ECE2019 Guided Posters Adrenal and Neuroendocrine - Tumour (14 abstracts)
1Department of Internal Medicine, Incheon St. Marys Hospital, College of Medicine, The Catholic University of Korea, Seoul, Republic of Korea; 2Department of Biomedical Science, CHA University, Pocheon, Republic of Korea.

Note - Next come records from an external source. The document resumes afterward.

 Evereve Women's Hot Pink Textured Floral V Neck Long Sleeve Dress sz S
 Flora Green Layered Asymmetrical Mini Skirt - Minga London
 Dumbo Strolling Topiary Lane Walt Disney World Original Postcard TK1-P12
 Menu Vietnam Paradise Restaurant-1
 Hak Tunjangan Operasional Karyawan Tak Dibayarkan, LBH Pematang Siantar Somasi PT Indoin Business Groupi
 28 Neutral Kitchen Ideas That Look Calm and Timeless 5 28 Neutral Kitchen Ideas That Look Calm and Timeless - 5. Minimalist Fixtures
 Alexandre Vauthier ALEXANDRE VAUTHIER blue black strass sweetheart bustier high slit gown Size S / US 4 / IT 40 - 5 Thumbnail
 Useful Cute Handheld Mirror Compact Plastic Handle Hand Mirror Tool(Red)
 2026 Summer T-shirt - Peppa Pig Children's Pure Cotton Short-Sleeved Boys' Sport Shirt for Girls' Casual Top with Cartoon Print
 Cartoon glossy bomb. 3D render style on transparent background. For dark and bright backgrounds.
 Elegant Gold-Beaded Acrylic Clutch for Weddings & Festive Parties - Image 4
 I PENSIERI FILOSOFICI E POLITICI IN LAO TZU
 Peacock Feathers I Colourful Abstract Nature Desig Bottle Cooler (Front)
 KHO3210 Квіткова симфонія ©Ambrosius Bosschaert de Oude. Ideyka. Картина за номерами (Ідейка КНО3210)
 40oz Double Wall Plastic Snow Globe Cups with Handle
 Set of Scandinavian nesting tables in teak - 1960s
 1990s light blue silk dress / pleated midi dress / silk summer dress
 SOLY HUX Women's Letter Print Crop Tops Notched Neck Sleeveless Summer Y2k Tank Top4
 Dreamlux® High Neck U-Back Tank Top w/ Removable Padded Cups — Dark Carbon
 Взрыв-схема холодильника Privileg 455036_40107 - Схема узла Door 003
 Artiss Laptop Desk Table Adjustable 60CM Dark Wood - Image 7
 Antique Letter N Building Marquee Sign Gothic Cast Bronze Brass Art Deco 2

CDC73 (also known as HRPT2) encodes parafibromin and is known to be the causative gene of hyperparathyroidism-jaw tumor (HPT-JT) syndrome. There is no known ubiquitination of parafibromin, and the deubiquitinating enzyme (DUB) for parafibromin has not been identified to date. Full-length DUB cDNAs encoding 58 family members of ubiquitin specific proteases (USPs) were subcloned. The DUB cDNA was used to identify parafibromin interacting by yeast two-hybrid screening. We investigated biochemical interactions between specific DUBs and parafibromin to confirm their binding and to investigate whether specific DUBs deconjugate ubiquitin from parafibromin by GST pull-down and immunoprecipitation analysis, respectively. And we examined the binding region of USP37 and parafibromin, and vice versa. Parafibromin was polyubiquitinated, especially in mutant forms. In yeast two-hybrid assays, USP37 was found to be a DUB interacting with parafibromin. GST pull-down analysis confirmed that parafibromin binds to USP37. We have shown that parafibromin can bind directly to USP37 and have demonstrated that USP37 specifically controls K48-linked polyubiquitination and stabilizes parafibromin. To determine the correct binding site, full length and deletion constructs were generated for both USP37 and CDC73. Simultaneous immunoprecipitation analysis betweenthe USP37 full length and CDC73 deletion constructs and the CDC73 full length and USP deletion constructs was performed. The analysis revealed that the c-terminus of USP37 interacted with the beta-catenin binding region of CDC73. Our results suggest that USP37 is a novel regulator of parafibromin stability in HPT-JT syndrome.